外国人の査証(ビザ)に関する重要規定
人事コンサルタント 宮城紀生(WAYA)の回答
今月のコラムは、外国人の査証(ビザ)と居留証に関して、昨年度から今年にかけての重要な新規定と変更事項について説明させて頂きます。
1、『外国人短期業務手続手順(試行)』
2014年11月に公布、2015年1月1日より施行規定の要約を説明します。これは、中国に滞在する外国人の90日以内の業務滞在の規定であり、日本人にとって今まで不明確だったビザの必要性も示されています。
中国の業務関係協力先に対して、技術、科学研究、管理、指導等の業務目的で90日以内の期間で業務を行う従業員の入国は、以下のビザが必要になりました。
①業務期間が30日以内の短期業務→就業ビザ
②業務期間が30日以上90日以内の短期業務→就業ビザと居留証
※滞在日数が15日以内限定、且つ視察目的の出張はノービザで問題ない(ただし今後の新規定に注意)。
次の業務は90日以内でも短期業務とはみなさず、Mビザ(商用)等の取得が必要です。
③購入した機器設備に関連する中国でのメンテナンス、据付、指導及び研修。
④中国で落札したプロジェクトに対して行う指導、監督、検査。
⑤中国の分公司、代表処へ派遣されて短期業務を完了させる場合等。
当局の取締まりは年々強化される傾向にあり、不法就労及び不法滞在とみなされ、罰せられる可能性もあるので注意が必要です。滞在日数15日以内(視察目的)の出張はノービザで問題ないのですが、当局に業務とみなされれば違反になった実例もあります。今後の実務的な対応についての情報を得る必要があります。
2、『深セン市の65歳以上の外国人就業新規申請不可』
2014年10月より上海の就業ビザ取得に関して、満65歳以上の方の新規申請が不可になりました。それをうけて、深センにおいても2015年1月4日より同様の規定が実行されています。総経理はおろか、出資者オーナーや法人代表、董事長(代表取締役)でも不可能になりました。就業ビザが無いということは、滞在に必要な居留許可も申請できないのです。
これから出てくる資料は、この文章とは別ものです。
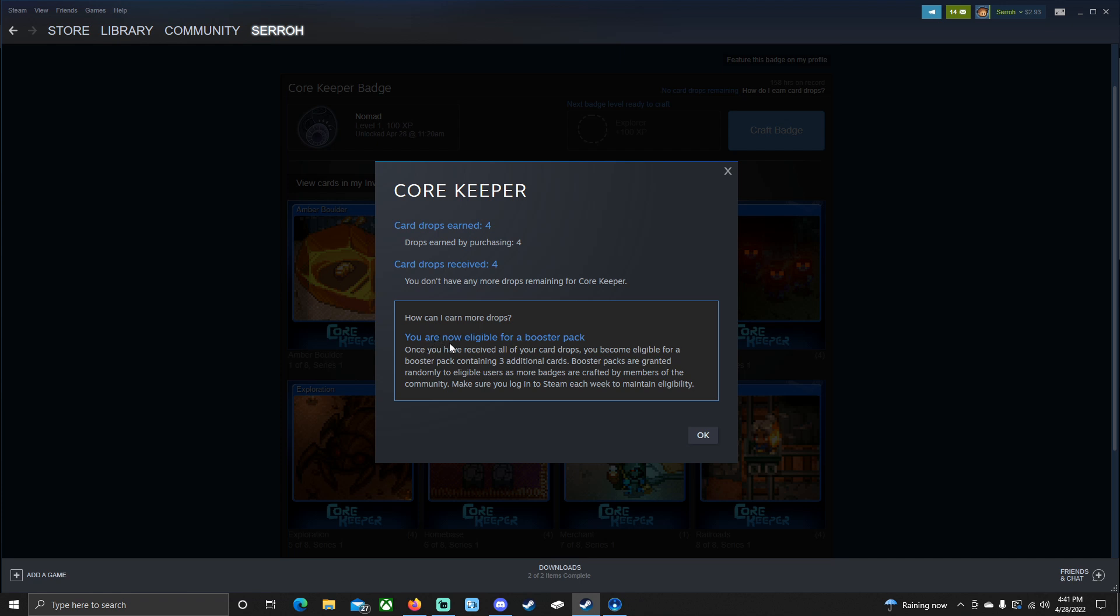Well, you are now eligible for booster packs. Booster packs are the same that goes with any trading cards out there, whether it's Pokemon, Yu-Gi-Oh, whatever. This is going to give us three additional cards. Now, once you have received all of your card drops, you become eligible for a booster pack containing three additional cards. Booster packs are granted randomly to eligible users as more badges are crafted by members of the community.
対象の方々へのアドバイスは、日本国内でMビザ(商用)を取得されて訪問(出張滞在)で入国して下さい。
※今まで通り、技術資格取得の方は別途手続きにて就業証を得ての滞在は可能です。
3、『深セン市の70歳以上の外国人就業及び居留新規・更新申請不可』
深セン市においては昨年2014年3月より、満70歳以上の方は就業証及び居留許可の申請(新規・更新)は不可能になっています。総経理をはじめ、出資者オーナーや法人代表、董事長(代表取締役)も対象になっていますので、ご注意が必要になります。 対象の方々へのアドバイスは、日本国内でMビザ(商用)を取得されて訪問(出張滞在)で入国して下さい。
いつもながらですが、新規定の公布もなしに突然施行されるやっかいなカントリーリスクです。
深セン市以外にお住まいの方々も各地方政府の状況をご確認されてご対応下さい。